Ricoeur (1977) – Mundo do Texto

Du texte à l’action. Essais d’herméneutique II.

quinta-feira 22 de junho de 2023, por Cardoso de Castro

O traço que colocamos sob este título vai levar-nos ao mesmo tempo a ultrapassar as posições da hermenêutica romântica, que ainda são as de Dilthey  , mas também às antípodas do estruturalismo, que recuso, aqui, como o simples contrário do romantismo.

Japiassu

Estamos lembrados de que a hermenêutica romântica enfatizava a expressão da genialidade. Igualar-se a essa genialidade, tornar-se contemporâneo dela, era a tarefa da hermenêutica. Dilthey  , próximo ainda, neste sentido, da hermenêutica romântica, fundava seu conceito de interpretação sobre o de "compreensão", vale dizer, sobre a captação de uma vida estranha exprimindo-se através das objetivações da escrita. Donde o caráter historicizante e psicologizante da hermenêutica romântica e diltheyniana. Esta via não nos é mais acessível, a partir do momento em que levamos a sério o distanciamento, pela escrita, e a objetivação, pela estrutura da obra. Significaria isto, porém, que ao renunciar a apreender a alma de um autor, limitamo-nos a reconstituir a estrutura de uma obra?

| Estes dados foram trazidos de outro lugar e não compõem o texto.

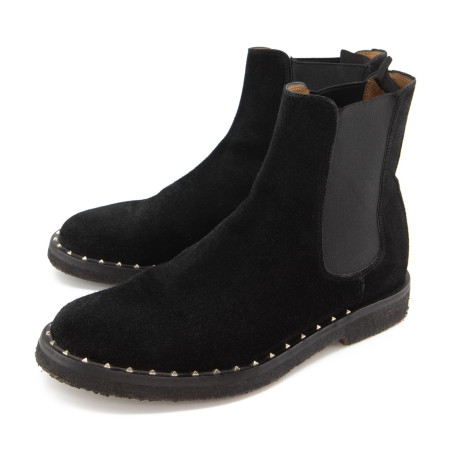 VALENTINO GARAVANI Beatle Rockstud Chelsea Boot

A resposta a essa questão afasta-nos tanto do estruturalismo quanto do romantismo. A tarefa hermenêutica fundamental escapa à alternativa da genialidade ou da estrutura. Vinculo-a à noção do "mundo do texto".

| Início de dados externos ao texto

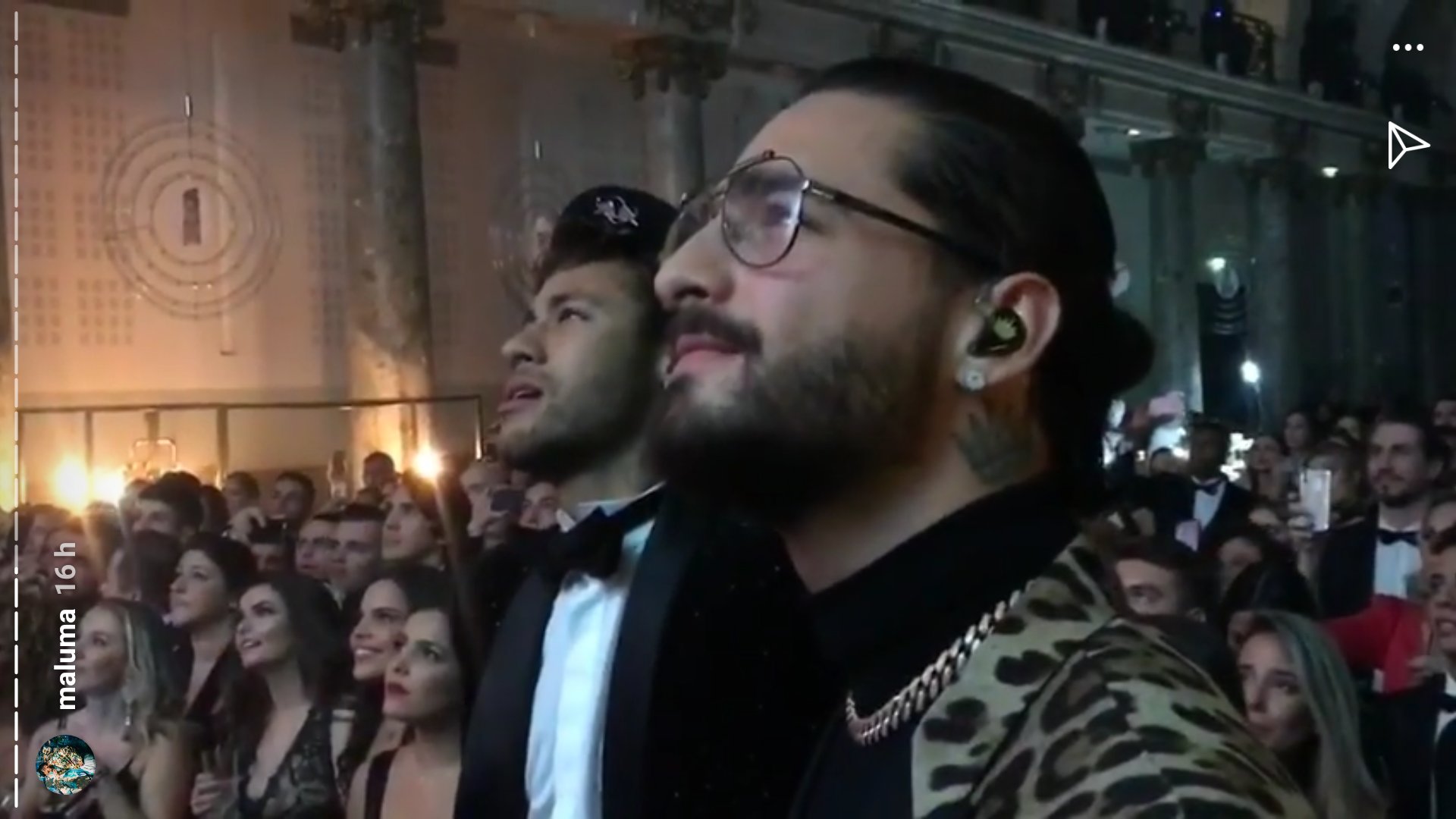 Neymar junto con el cantante de reguetón Maluma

Essa noção prolonga o que acima chamamos de a referência ou denotação do discurso: em toda proposição podemos distinguir, com Frege, seu sentido e sua referência [1]. Seu sentido é o objeto real que visa; este sentido é puramente imanente ao discurso. Sua referência é seu valor de verdade, sua pretensão de atingir a realidade. Por esse caráter, o discurso se opõe à língua, que não possui relação com a realidade, as palavras remetendo a outras palavras na ronda infindável do dicionário. Somente o discurso, dizíamos, visa às coisas, aplica-se à realidade, exprime o mundo.

A questão nova que se coloca é a seguinte: o que ocorre com a referência quando o discurso se torna texto? É aqui que a escrita, mas, sobretudo, a estrutura da obra, alteram a referência, a ponto de torná-la inteiramente problemática. No discurso oral, o problema se resolve, enfim, na função ostensiva do discurso. Em outros termos, a referência se resolve no poder de mostrar uma realidade comum aos interlocutores; ou, se não podemos mostrar a coisa de que falamos, pelo menos podemos situá-la relativamente à única rede   espaço-temporal   à qual também pertencem os interlocutores. Finalmente, é o "aqui" e o "agora", determinados pela situação do discurso, que conferem a referência última a todo discurso. Com a escrita, as coisas já começam a mudar. Não há mais, com efeito, situação comum ao escritor e ao leitor. Ao mesmo tempo, as condições concretas do ato de mostrar não existem mais. Sem dúvida, é essa abolição do caráter mostrativo ou ostensivo da referência que torna possível o fenômeno que denominamos de "literatura", onde toda referência à realidade dada pode ser abolida. Contudo, é essencialmente com o aparecimento de certos gêneros literários, geralmente ligados à escrita, mas não necessariamente tributários desta, que essa abolição da referência ao mundo dado é levada até suas mais extremas condições. Este é, me parece, o papel da maior parte de nossa literatura: destruir o mundo. Isto é uma verdade da literatura de ficção — conto, mito, romance, teatro   —, bem como de toda literatura denominada de poética, onde a linguagem parece glorificada em si mesma, em detrimento da função referencial do discurso ordinário.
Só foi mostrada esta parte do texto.